La Sainte Trinité – Les Grandes Heures d’Anne de Bretagne

Saint Logophore

Hier, ô prince, tu as voulu savoir pourquoi dans nos saintes cérémonies nous usions de l’encens. Si aujourd’hui tu nous fais venir, c’est que tu désires à nouveau t’instruire des mystères de notre sainte religion. Dis-nous ce que tu veux savoir, et nous te répondrons, autant du moins que notre science imparfaite le permettra.

Théodoric

Il m’a plu en effet de vous faire venir afin de m’entretenir de la nature de Dieu. Car, ce matin, tandis que je me promenais dans la douceur de mes jardins, je songeai à part moi quelle extraordinaire doctrine nous professons lorsque nous disons qu’il n’est qu’un seul Dieu, mais qu’il a également comme trois visages. « Que faut-il entendre par là ? », me disais-je tout en marchant, et je me suis assis afin de réfléchir plus longuement à ce mystère. Cependant, alors que le soleil avait atteint le zénith, je n’étais pas plus avancé qu’au début de la journée et je résolus de vous faire venir afin de me découvrir les secrets de la Trinité.

Saint Sapientisme

Ô roi, nous ne gardons rien caché dans notre religion, contrairement à d’autres qui ne voilent leur doctrine que pour mieux en masquer la vanité ou l’absurdité et ne cherchent à attirer l’âme assoiffée que par une obscurité séduisante qui paraît receler de grands mystères et non par la vérité. Aussi, tout ce que nous disons de la Très Sainte Trinité est connu de tous ceux qui professent la vraie foi.

Saint Logophore

Toi même, ô prince, tu as déjà entendu de nombreuses fois l’enseignement de la Sainte Église là-dessus car, à chaque dimanche qui suit la Pentecôte et l’Épiphanie, le prêtre lit la préface du Canon qui expose en quelques phrases ce dogme très saint.

Un conseiller

S’il tient en si peu de mots, ce ne doit pas être un bien grand mystère !

Théodoric

Que répondez-vous à cela ?

Saint Sapientisme

Ô roi, il n’est pas difficile de répondre à la dérision de ton conseiller. En effet, le mystère de la Très Sainte Trinité est si grand et si profond qu’il ne peut être compris de personne en ce monde.

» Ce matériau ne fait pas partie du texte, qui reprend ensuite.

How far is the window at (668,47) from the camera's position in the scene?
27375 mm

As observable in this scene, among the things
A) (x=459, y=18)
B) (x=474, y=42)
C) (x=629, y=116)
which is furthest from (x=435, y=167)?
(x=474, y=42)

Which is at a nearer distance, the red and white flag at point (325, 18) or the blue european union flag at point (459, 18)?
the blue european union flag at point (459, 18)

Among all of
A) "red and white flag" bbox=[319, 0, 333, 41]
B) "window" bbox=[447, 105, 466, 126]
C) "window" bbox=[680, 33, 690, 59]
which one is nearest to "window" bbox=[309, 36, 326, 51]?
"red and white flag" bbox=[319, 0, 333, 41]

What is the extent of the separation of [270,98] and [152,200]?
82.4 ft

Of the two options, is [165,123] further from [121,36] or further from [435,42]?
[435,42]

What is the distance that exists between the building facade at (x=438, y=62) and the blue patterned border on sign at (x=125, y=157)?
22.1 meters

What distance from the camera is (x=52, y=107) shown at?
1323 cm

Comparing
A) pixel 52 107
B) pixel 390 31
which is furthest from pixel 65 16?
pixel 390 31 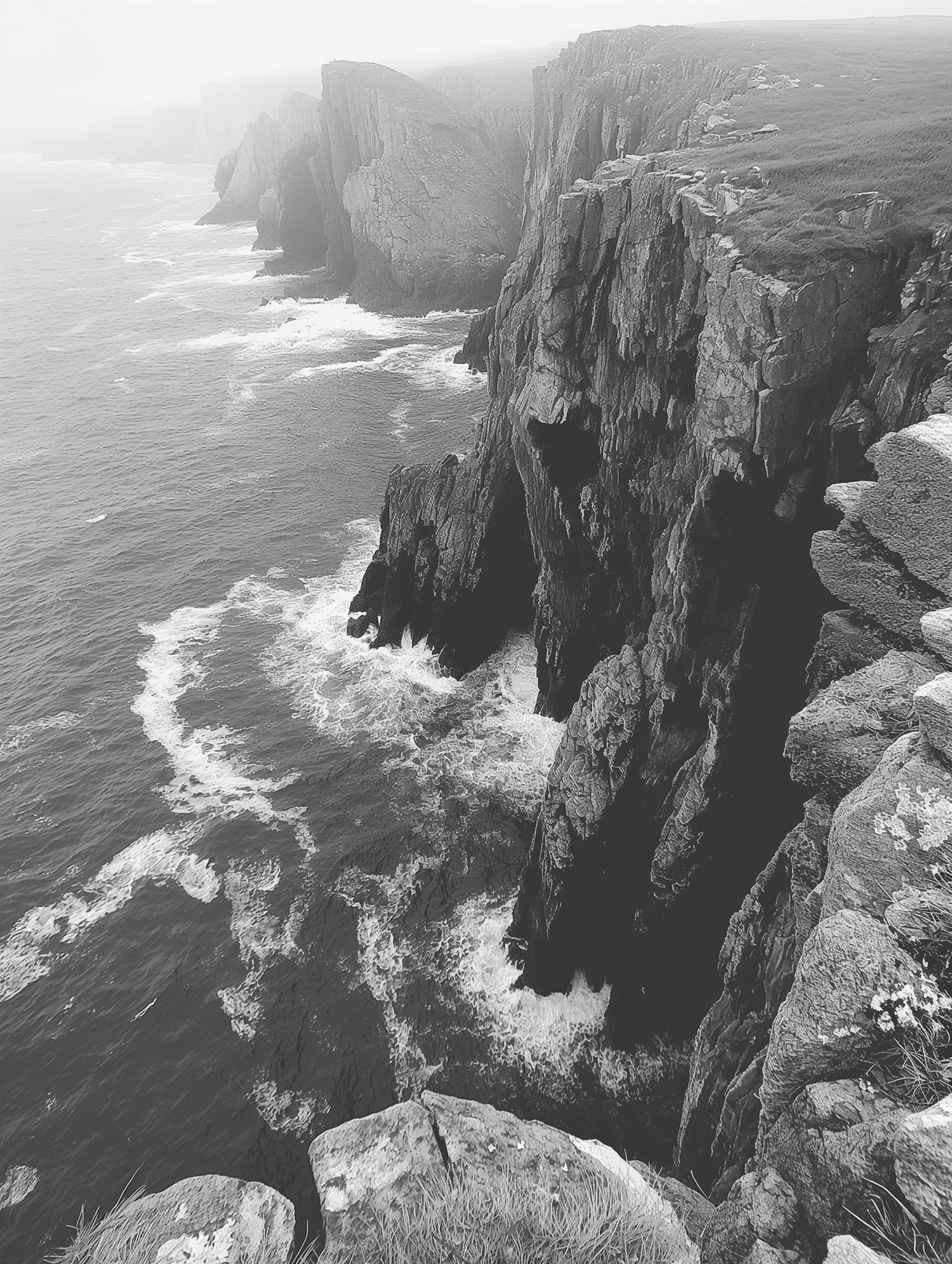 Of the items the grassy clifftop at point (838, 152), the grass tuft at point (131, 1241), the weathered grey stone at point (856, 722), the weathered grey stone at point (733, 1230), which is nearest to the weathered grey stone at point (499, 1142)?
the weathered grey stone at point (733, 1230)

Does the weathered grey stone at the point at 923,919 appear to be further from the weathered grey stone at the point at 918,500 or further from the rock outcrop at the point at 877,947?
the weathered grey stone at the point at 918,500

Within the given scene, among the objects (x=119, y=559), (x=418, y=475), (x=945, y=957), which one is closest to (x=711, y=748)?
(x=945, y=957)

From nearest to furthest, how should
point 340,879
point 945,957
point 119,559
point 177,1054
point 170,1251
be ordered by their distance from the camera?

Si profond au contraire est ce mystère que les plus grands saints et les plus grands savants ont écrit de nombreuses pages pleines de sagesse et pourtant ne sont pas parvenus à le saisir entièrement : en effet, l’homme, qui est fini, ne peut saisir Dieu, qui est infini.

Saint Logophore

Si tu le désires, ô prince, nous pourrons te communiquer les traités que consacrèrent les bienheureux Augustin et Hilaire à ce si noble sujet, mais pour aujourd’hui, nous ne parlerons, si tu le veux bien, que de la Préface de la Sainte Trinité.

Théodoric

Et qu’est-ce qu’une préface ?

Saint Sapientisme

Une préface, que d’aucuns appellent contestation ou même immolation, est la prière que chante le prêtre avant que d’entrer dans le Saint des Saints, avant que d’entrer dans le silence du Canon pendant lequel il renouvellera le Saint Sacrifice. C’est cette prière, ô roi, qui précède le Sanctus. De même que Notre Seigneur, avant que d’endurer Sa glorieuse Passion, se recueillit au Jardin des oliviers et versa une sueur de sang à la pensée de ce qu’Il allait souffrir, de même le prêtre, qui représente le Christ Lui-même, se recueille mais cette fois-ci de manière parfaitement glorieuse, car le sacrifice qu’il est sur le point d’offrir est cette fois tout de gloire et d’honneur. Aussi est-ce un chant de louange que la Préface, et la Préface en l’honneur de la Très Sainte Trinité est une des plus belles qui ont été composées. Car, ô roi, quelque venin que cherche à répandre ton conseiller, qui mériterait davantage le titre d’ennemi ou de traître à cause de ses mauvaises paroles et qui en vérité te rend de fort mauvais services, si grand fut le génie naturel que Dieu accorda aux auteurs de cette Préface, et si grande l’inspiration que le Saint-Esprit souffla en leurs cœurs lorsqu’ils la rédigèrent, que c’est un miracle de brièveté et de concision dans lequel tout le mystère de la Très Sainte Trinité se trouve contenu, bien qu’il ne soit point élucidé dans sa totalité.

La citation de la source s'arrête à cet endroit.